Consider the case of block-streaming from B to C:

    A <- B <- C <--- virtio-blk

The block job writes data into C, but doesn't change the visible data.
Would this be covered by this action? If so, I think "Metadata" is a
misnomer because we actually copy data around.

>     3. Graph Reconfiguration
>         * Removing, adding, or reordering nodes in the bdrv_state
>           graph. (n.b.: Write - Visible Data may need to be set, if
>           appropriate)

We need to define this so that it refers to an operation on a specific
node. I think we can take this as changing the child node references of
a given BDS.

>     4. Read - Visible Data
>         * Read data visible to an external read.
> 
>     5. Read - Metadata
>         * Read node metadata

Is this a useful operation? I think everyone who does anything with an
image is automatically reading metadata.


<thinking aloud>

I think there is something missing. Initially I thought it's just
another action, but I'm not so sure any more. Let's check a block-commit
job this time, commit C back into A:

         +---------- NBD server
         v
    A <- B <- C <--- virtio-blk

Now as we all know, committing data from C back into A makes B invalid,
so this should be prohibited. "Read - Visible Data" could possibly
provide this, but the bs->backing read in C would use the same action,
so it's impossible to allow the backing file relationship, but not the
NBD server.

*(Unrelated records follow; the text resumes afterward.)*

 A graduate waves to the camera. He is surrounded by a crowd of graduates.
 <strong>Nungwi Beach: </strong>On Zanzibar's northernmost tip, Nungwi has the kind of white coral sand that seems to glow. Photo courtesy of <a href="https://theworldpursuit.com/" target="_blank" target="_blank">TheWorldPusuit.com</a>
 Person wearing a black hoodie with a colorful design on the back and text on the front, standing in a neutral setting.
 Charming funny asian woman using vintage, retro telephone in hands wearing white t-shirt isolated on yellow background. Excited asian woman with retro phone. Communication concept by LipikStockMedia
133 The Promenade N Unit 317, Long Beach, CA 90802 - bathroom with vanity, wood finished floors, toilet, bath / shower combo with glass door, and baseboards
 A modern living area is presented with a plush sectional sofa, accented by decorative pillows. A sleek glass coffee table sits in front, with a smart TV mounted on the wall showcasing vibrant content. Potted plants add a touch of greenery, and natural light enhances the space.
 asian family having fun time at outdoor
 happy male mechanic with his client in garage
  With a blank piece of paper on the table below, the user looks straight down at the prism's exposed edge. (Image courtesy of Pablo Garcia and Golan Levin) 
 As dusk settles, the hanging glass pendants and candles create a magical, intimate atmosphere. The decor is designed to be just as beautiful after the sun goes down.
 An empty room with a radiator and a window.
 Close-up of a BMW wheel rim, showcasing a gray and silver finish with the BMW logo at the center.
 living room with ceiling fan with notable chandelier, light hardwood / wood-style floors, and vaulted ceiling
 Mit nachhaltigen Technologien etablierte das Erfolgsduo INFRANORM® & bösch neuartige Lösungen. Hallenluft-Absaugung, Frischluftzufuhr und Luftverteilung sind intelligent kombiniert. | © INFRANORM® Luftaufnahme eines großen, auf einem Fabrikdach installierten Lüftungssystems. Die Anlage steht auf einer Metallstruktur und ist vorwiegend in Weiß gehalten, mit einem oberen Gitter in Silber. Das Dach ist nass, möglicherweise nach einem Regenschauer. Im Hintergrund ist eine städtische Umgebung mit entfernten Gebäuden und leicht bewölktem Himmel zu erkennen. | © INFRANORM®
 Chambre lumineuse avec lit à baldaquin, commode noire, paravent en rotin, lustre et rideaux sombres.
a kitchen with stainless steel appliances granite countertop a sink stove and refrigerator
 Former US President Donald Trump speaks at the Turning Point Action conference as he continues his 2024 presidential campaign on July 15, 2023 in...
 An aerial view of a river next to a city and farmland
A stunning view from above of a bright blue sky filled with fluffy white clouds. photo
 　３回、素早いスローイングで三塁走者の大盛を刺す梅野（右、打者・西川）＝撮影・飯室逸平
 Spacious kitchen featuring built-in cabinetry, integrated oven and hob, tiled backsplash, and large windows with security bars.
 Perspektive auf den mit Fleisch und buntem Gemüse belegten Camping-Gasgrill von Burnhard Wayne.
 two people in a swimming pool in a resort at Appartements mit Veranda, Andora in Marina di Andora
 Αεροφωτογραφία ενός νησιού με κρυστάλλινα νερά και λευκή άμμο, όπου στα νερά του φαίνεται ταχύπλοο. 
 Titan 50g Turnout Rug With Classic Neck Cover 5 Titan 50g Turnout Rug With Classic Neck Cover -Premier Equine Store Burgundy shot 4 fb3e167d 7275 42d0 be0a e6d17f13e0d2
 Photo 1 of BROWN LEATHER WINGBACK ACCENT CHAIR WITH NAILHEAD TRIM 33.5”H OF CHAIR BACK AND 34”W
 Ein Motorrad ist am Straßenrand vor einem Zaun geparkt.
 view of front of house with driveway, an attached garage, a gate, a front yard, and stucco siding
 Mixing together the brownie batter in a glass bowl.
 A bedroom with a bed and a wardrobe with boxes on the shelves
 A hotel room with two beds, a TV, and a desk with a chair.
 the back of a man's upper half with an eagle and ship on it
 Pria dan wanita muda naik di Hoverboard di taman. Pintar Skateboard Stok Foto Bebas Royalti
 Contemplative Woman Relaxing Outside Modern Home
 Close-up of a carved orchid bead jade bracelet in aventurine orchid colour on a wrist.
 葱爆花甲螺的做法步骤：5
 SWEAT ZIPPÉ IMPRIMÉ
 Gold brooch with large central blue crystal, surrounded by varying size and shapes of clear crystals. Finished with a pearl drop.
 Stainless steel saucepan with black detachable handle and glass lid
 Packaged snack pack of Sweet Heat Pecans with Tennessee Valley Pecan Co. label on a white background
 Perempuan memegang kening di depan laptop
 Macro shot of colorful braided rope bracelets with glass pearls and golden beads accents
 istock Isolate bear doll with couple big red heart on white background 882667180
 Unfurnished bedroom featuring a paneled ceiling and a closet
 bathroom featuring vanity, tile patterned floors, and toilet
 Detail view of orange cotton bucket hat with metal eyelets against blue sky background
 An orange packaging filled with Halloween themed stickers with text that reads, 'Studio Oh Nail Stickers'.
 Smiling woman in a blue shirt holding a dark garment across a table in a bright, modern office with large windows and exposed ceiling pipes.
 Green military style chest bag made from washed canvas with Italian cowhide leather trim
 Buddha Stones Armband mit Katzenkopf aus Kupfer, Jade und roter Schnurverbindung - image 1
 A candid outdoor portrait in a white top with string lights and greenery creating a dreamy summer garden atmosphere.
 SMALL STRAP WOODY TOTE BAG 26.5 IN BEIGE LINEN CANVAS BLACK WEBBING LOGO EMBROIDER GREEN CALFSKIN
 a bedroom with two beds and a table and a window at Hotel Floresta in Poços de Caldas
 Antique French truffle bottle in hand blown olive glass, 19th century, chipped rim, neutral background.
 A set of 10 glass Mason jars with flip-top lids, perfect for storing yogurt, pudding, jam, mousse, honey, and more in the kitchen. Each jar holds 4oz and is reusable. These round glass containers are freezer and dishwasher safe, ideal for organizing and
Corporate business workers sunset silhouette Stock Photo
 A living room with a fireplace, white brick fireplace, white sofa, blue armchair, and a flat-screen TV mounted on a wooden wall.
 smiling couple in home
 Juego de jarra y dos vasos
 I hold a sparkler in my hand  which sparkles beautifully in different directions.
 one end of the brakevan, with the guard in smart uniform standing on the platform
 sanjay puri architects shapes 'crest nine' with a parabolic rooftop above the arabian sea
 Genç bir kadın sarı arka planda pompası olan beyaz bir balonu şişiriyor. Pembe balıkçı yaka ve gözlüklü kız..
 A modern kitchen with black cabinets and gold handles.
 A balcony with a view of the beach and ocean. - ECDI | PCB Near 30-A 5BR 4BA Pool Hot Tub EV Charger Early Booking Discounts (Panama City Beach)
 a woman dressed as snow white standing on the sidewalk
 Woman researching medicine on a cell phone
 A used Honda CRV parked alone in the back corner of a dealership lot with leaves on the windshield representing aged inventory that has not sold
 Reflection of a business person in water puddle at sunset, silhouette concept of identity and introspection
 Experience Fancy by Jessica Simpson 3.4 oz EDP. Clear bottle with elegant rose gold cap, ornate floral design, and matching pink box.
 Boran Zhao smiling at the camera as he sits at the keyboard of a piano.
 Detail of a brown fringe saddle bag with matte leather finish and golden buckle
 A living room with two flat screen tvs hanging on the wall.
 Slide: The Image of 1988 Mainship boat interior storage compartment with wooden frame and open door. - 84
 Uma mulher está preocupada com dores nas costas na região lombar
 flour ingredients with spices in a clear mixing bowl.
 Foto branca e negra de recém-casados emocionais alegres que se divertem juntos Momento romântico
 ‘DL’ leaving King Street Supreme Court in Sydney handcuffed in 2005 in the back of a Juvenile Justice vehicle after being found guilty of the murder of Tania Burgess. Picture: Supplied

This is the part that could possibly be solved if the commit
job converted all intermediate bs->backing links to something weaker,
like "Read Backing File", which doesn't care whether the image is
self-consistent.

However, we could instead have two backing file relationships. Then one
of them must be okay (the B <- C one) and the other one must block
the commit job. And in fact, if it's the block-commit job that changes
the link to weaker semantics, we would achieve this.

Hm... Does this make any sense? I'm not sure if this would turn out
completely correct.

</thinking aloud>

Kevin